Why do love advertising, then, when it’s used to fleece us out of thousands of dollars for shit we don’t need to buy a moment of happiness that is, at best, fleeting?

Advertising got people to smoke. It encourages people to overeat. It tells us we need things we don’t to be happy. To spend money we don’t have. To rack up debt. It encouraged us to buy cars, and disinvest and destroy our public transit systems. Nobody really bought a diamond engagement ring before the 1930s (“diamonds are forever” is an epic bit of marketing).

But advertising also got people to stop smoking. In my lifetime, smoking went from something folks did everywhere – in the office, in planes, in hospitals – to a furtive, dirty habit engaged in by rebellious teens and a few groups of folks forced to smoke outside during snowstorms. The way advertisers figured out how to stem this tide was fascinating. Everyone knew smoking was bad for them. But they still smoked. What changed was when the messaging became about telling people how bad smoking was for their children. How they were poisoning their children, and others, through secondhand smoke. I remember when my father started opening up the sliding glass door and smoking “outside” instead of inside. Others began to as well. And the tide was turning.

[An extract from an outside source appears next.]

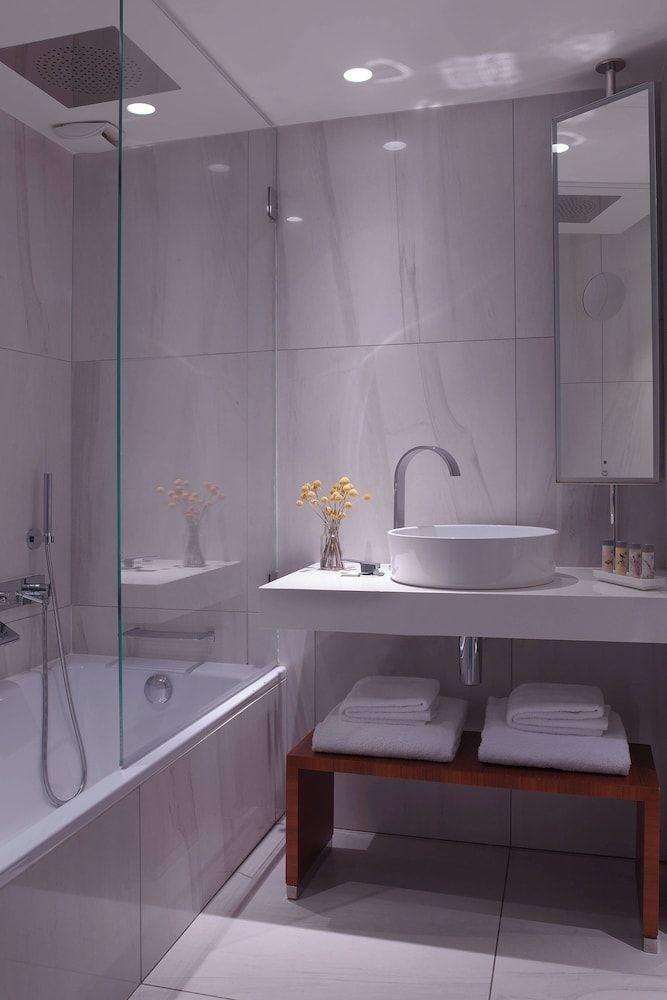 Renaissance Paris Republique Hotel Paris Style Room, 1 Queen Bed 3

Advertising got people to wash their hands regularly. And vaccinate their children. Advertising is why we bathe regularly. It’s why we wear seatbelts.

Advertising changes people’s perception of the world. It’s not just about awareness – we can be aware of all sorts of things, like how smoking will kill us or working out regularly is a good idea – but about finding the ways to actually get people to change their behavior.

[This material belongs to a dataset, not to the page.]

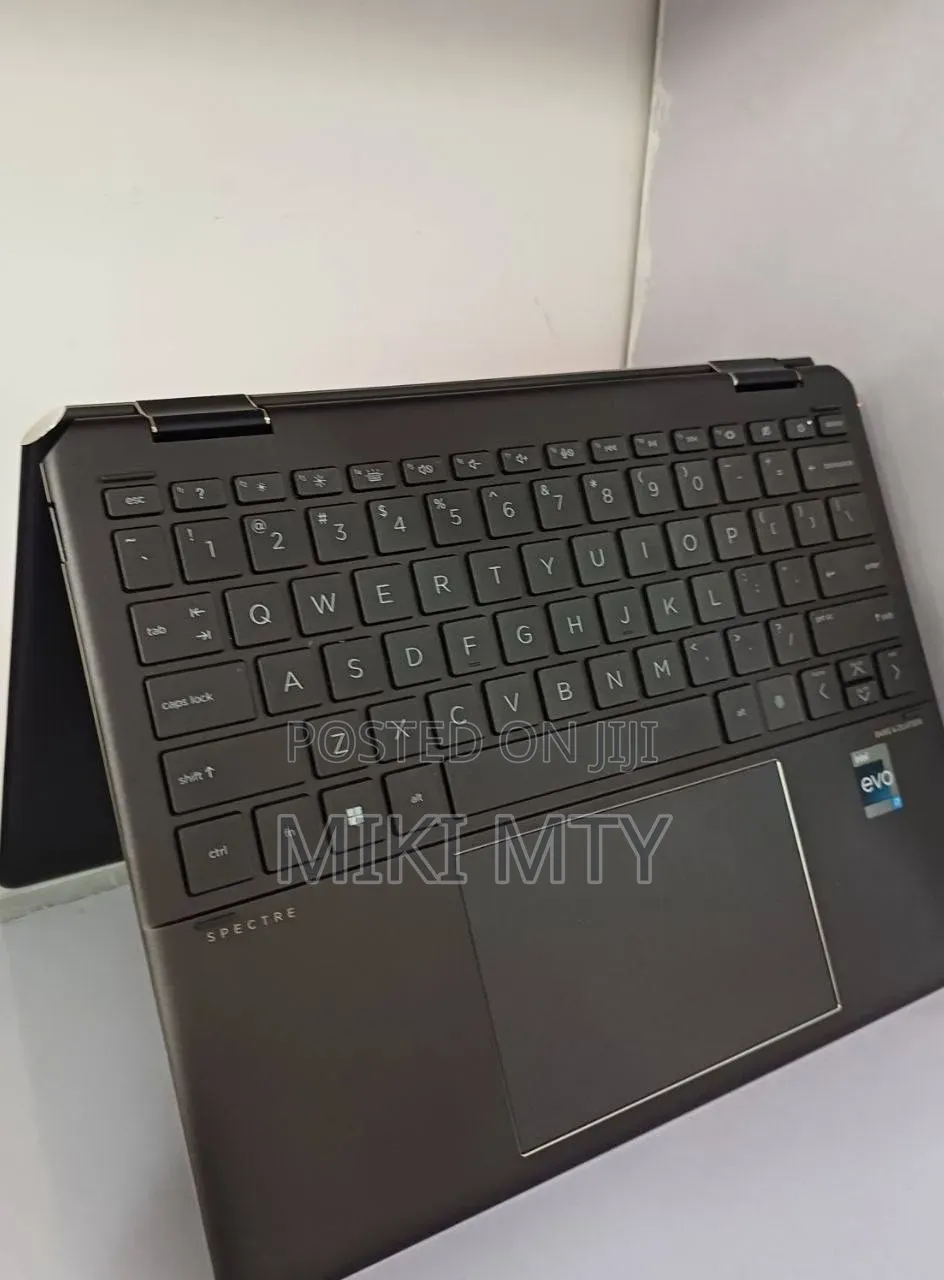 New Laptop HP Spectre 16GB Intel Core i7 SSD 1T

marketing-mixChanging perceptions, and then behavior (because I do think you need to do one before the other) is an incredible challenge. And when I’m faced with a particularly tough market (“This market never responds to our emails”/”This segment has limitations on offers we can make”) I get really stoked. I love these challenges. I like figuring out what messages work, and why, and then replicating them, evolving them, transforming them to increase responses and sell more widgets.

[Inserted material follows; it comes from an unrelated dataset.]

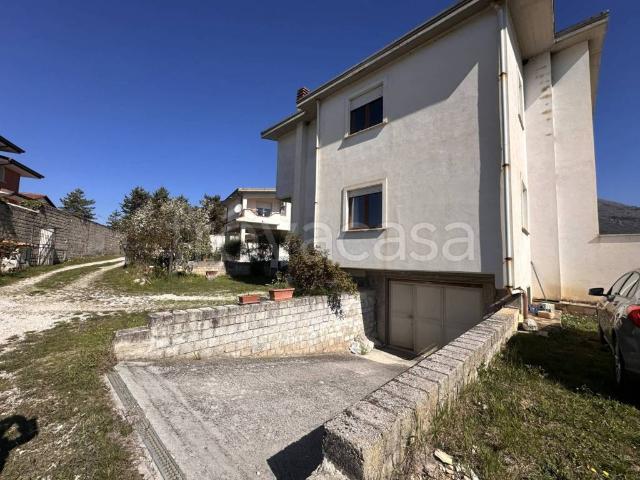 Villa in affitto ad Avezzano via Europa, giardino privato, box, terrazzo TrovaCasa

When I get good enough at this, I’d like to apply the science behind it to something beyond selling widgets, though. I’m fascinated that we have such vast resources for changing human behavior to sell things but we don’t seem to be able to create campaigns that stop people from, say, shooting each other or raping their friends and colleagues (though there has been some progress on this by – surprise! “don’t be that guy” ads targeted at men), or getting people to support universal healthcare or a nationwide public transit system.

The talent and ability is there. We’re just missing the money and backing behind it. There’s not a lot of money in an ad agency telling people *not* to buy a gun and shoot someone, or *not* to assault someone. But I can tell you right now that I’d be giddy as all get-out to work on a massive campaign in support of one of these, because based on everything I’ve learned from what I do day in and day out, crafting 400-600 projects a year and freelancing for several more clients, we can sell people just about anything. We can encourage people to be and do and support just about anything.

We just need to decide what our priorities are.

Hamburgers, or improving human lives?